Originally shared by Government GangStalking and Electronic Harassment
Today 9-10-15 my heart is bleeding. It is my mother's birthday and the last time I saw her, on 9-7-10, the look of death was all over her face due to the chemo she is undergoing for Liver Cancer.
As I was weeping for her, I tried to remember that this was the woman who did not want me and abused me, along with my father, from the time I was born. I also tried to gain my emotional strength by remembering that she threw me out in the street with the following words:
Since you don't like the terms of the will and you want half then pick up your belonging and get out....that's life...what are you going to do...sometimes ...it is like that.."
According to my parents, my drug addicted and mentally disturbed brother would inherit everything because he produced 4 grand children. The only thing I deserve to get is the right to live in one apartment but my brother has the right to evict me after their death.
In return for the "residency privilege" I would have to slave for both parents as well as to put up with their physical and emotional abuse on 24/7 basis. By slaving, I mean clean their home, cook for them, clean them up and/or clean up after them, clean and rent the apartments after tenants move out etc.... My brother and his kids would not have to do, or put up with, anything like that. In another words, I would have to do everything like a slave and my brother and his kids would inherit everything.
I have been called many names in my life, but 'STUPID" was never one of them...!! I refused the offer and I told them that since I was getting crumbs then only crumbs was the thing that I would be willing to do for them in return and certainly not become a 24/7 slave.
At least I did not do what my brother and his kids did...which was to stop helping altogether after their "sole heir" status was threatened by my possible re-entry into the will as a half-recipient of the paternal real estate assets and money. None of my mother's family members were surprised at her because they all knew that she, along with my father, never loved me as normal parents would.
Although I was the child they never wanted and the child they both abused emotionally and physically, I was the child that cared for her and for my father better than their son and grandchildren ever did. Craving for the warmth of the family atmosphere, which I never had, was my main incentive.
During 2013 and 2014, their son and grandchildren not only withdrew their minimal helping services from my parents when they were informed of my possible re-entry into the will but they also took advantage of them without guilt or shame. My parents never threw any of them out of their home when they resumed their help services after I was kicked out for doing what they did, even in part.
As it turns out, the 4 grandchildren had the government pay for their full tuition by claiming falsely, in their financial applications, of living with their grandparents, (my parents) and of paying rent to them, hence of not being able to pay for their tuition due to the claimed expenses and due to fact that they were not benefitting from their father's home, which was purchased with the help of my parents' money anyway.

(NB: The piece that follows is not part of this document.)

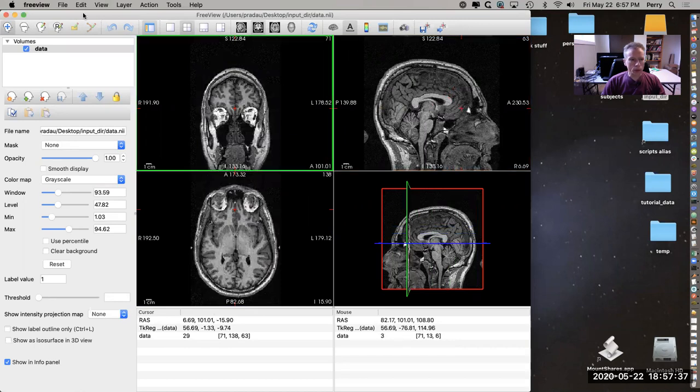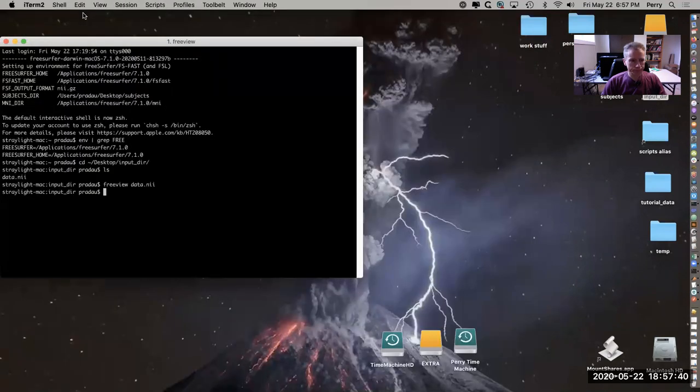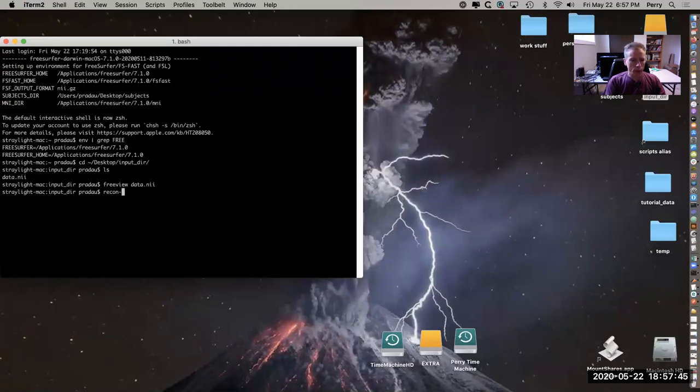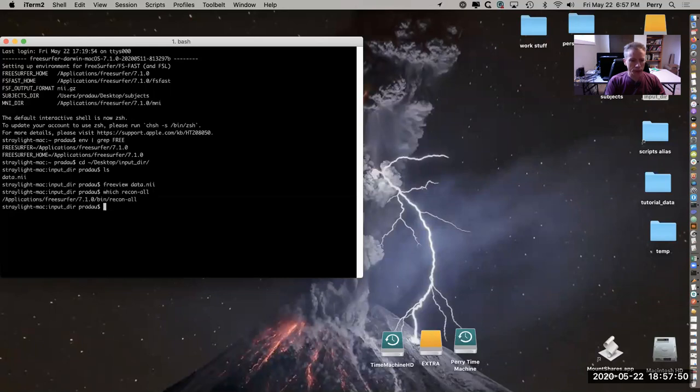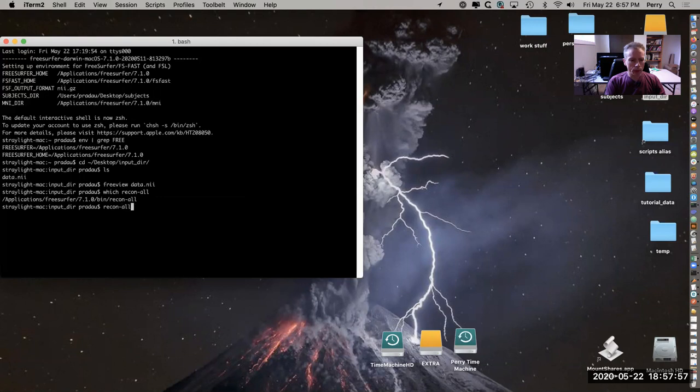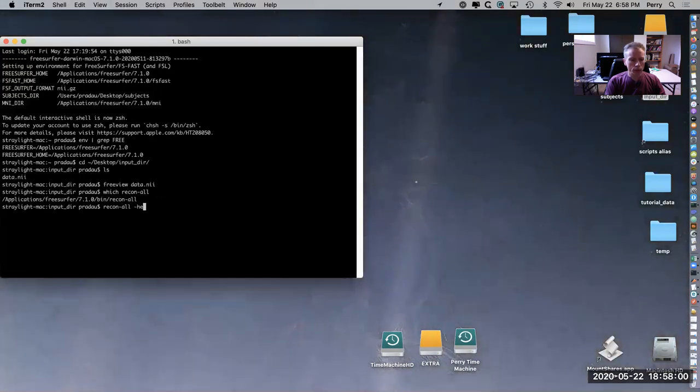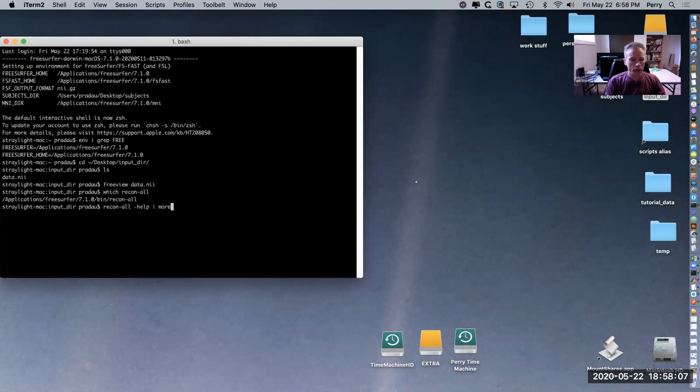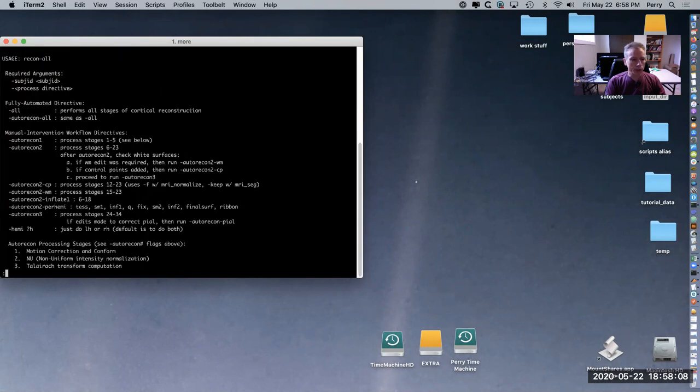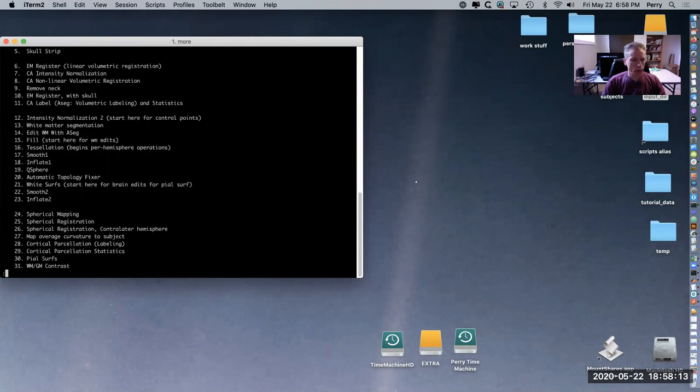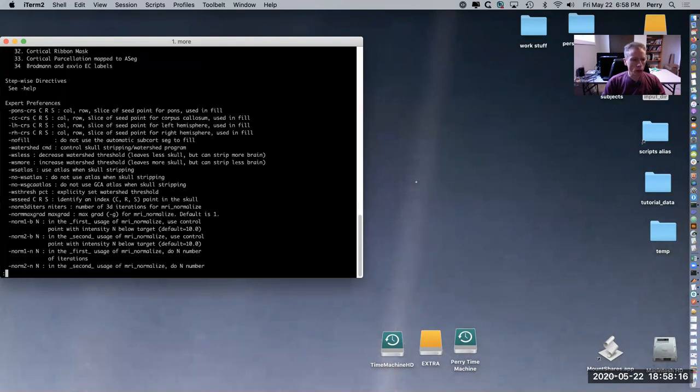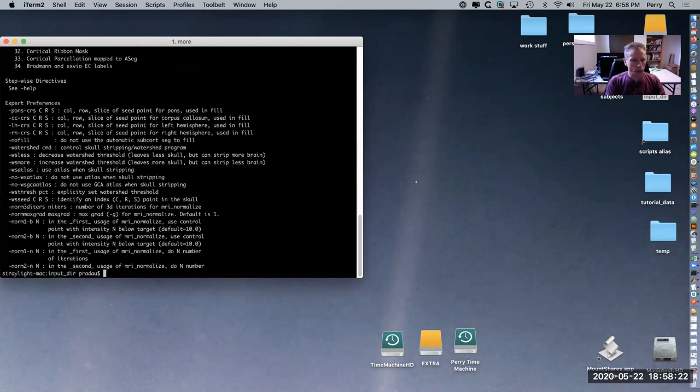We can check that recon-all is available - yes it is. If you want to look at all the details of the flags for recon-all, you can use this command. Notice that it has many pages and it's quite detailed, so you'll probably want to use the more command to page through it with space bar. There's a web page that has all this as well, but I'm just going to show you the most common usage.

The 4 grandchildren never told my parents that the government paid for their tuition. They claimed to getting only a very small portion of their tuition paid by the government and to needing financial help from my parents in order to pay the rest of the tuition. My parents footed the full tuition payment that their grandchildren told them it was due, thinking that their money was going for their college education. Little did my parents know that their money went for drugs, alkohol and hard core partying...!!!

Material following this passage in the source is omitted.